There are musical precedents for Runaway Diamonds: the garage electronica of Le Tigre, the bare assault of Elvis Costello’s “Pills and Soap,” and even the flowery chordal flights of Ben Folds. But between Gabe Hernandez’s eloquent piano playing, Pomerenke’s droll narratives, and the Greek chorous of backing singers (Andrew Lockwood, Lisa Marmur, Yolanda Bejarano, and Riana Riggs), the results feel utterly fresh.
— Gilbert Garcia
Some people thought Kid Rock broke creative ground in 1998 with the lyric, “Bawitdaba da bang a dang diggy diggy.”
Catchy? Absolutely, but nearly 20 years earlier a man named David Parker was laying down exactly the same jabbing “words” on a relatively fresh music scene called hip-hop. And like Kid Rock, who chooses not to go by his given name Bob Ritchie, Parker was better known around his circle of fellow New York rappers as Busy Bee.
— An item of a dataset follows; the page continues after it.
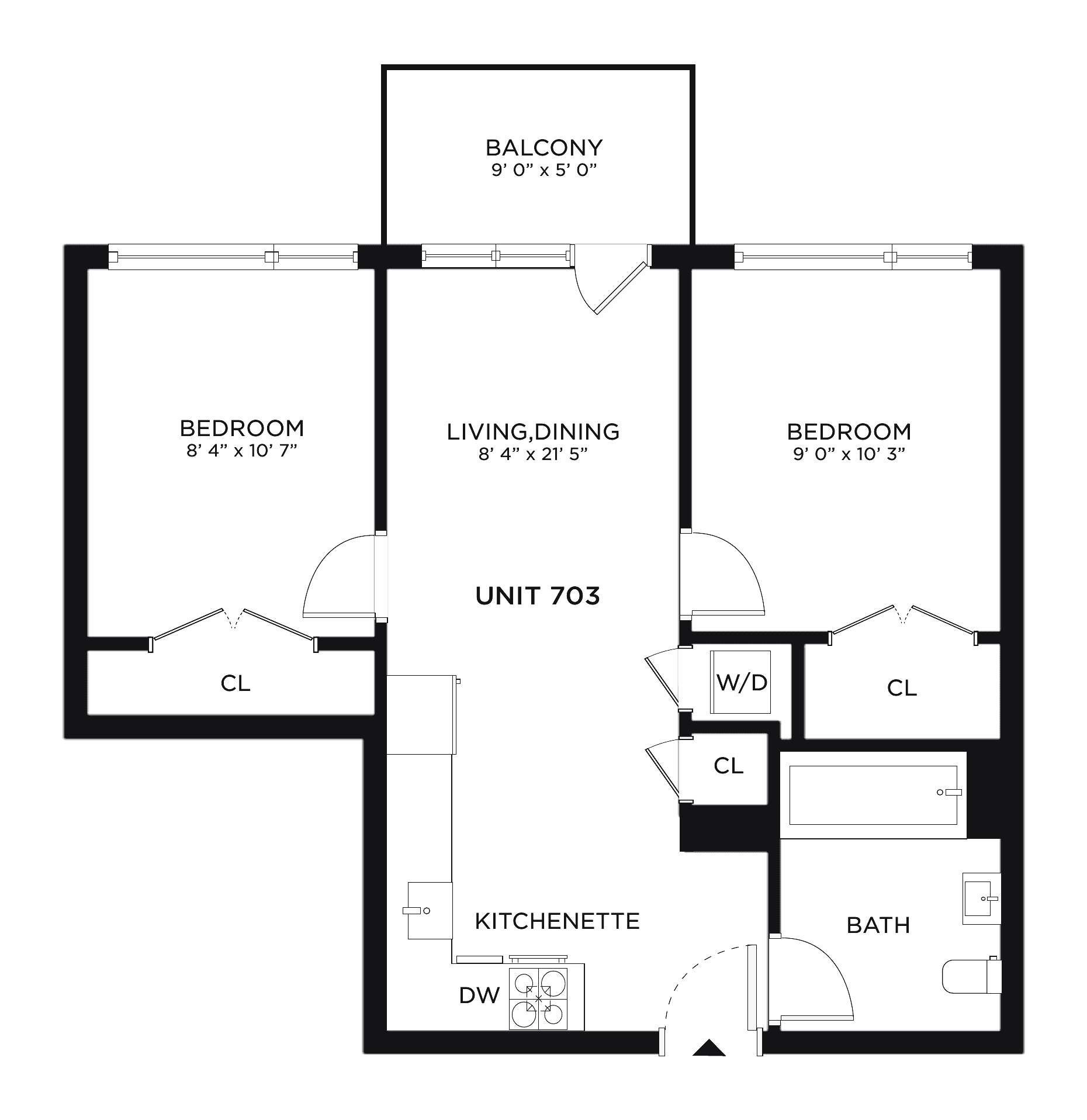 Floor plan for Residence 703 at The Astelle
Traffic Entertainment/Strong City Records has released an enhanced version of Bee’s 1988 album, Running Thangs. Regarded as his strongest release, the update of the original songs — including “Suicide,” “Converse,” and “Get Busy” — features new mixes and a bonus track with the music video to “Express.”
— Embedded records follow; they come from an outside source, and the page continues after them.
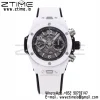 Hublot Big Bang Unico 421.HX.1170.RX White Ceramic BBF 1:1 Best Edition Skeleton Dial on White Rubber Strap A1280 - Super Clone Watch | 1:1 Best Version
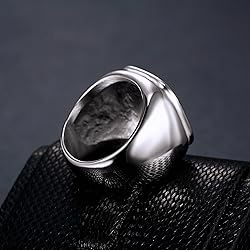MIVEIVIA Masonic AG Symbol Square Rings for Men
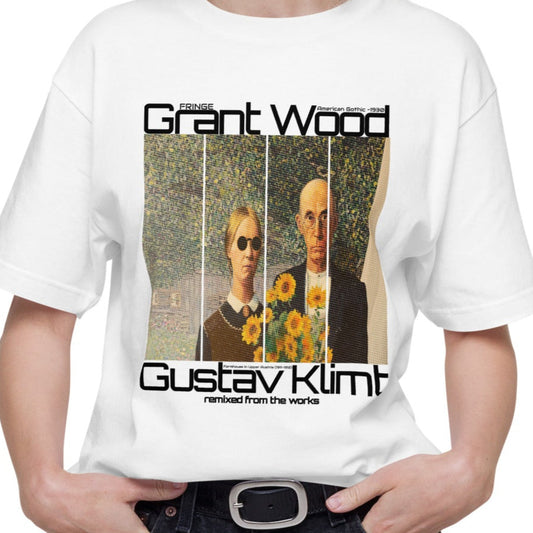 Tシャツ-FINE ART | スタンダードミドルウェイトTシャツ | 男女兼用 | ユニセックス | Fringe-white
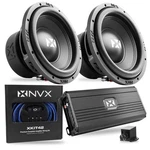 Nvx VSW104V3 10" Subwoofer + Monoblock Amplifier With Wiring Kits. Fixed Price $549.96.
Back in a time when emceeing was more about quick wit and humor than anything else, Busy Bee easily filled the bill, gaining a reputation as a comedian on the mic by asking the crowd, “What’s your favorite restaurant?” or “If you love your mom, then say ho.”
On his ode to women, aptly titled “Murder,” Bee takes on trifling females with anecdotes that seem tame and maybe even corny compared to Ice-T or Eminem: “Girl named Patty drived a black Caddy/ the girl was so fine I wanted to kiss her daddy.” But wrapped around a simple beat and a solid hook these lyrics are a means to an end for today’s rap game.
Busy Bee also predated and anticipated the war of words between artists such as Jay-Z and Nas by staging actual emceeing throwdowns on the streets of Harlem to establish bragging rights, most notably with Kool Moe Dee of “Wild, Wild West” fame.
An obscure hero from an era when hip-hop was more innocent and less hyped, Busy Bee will serve as an adequate old-school teacher in Emceeing 101.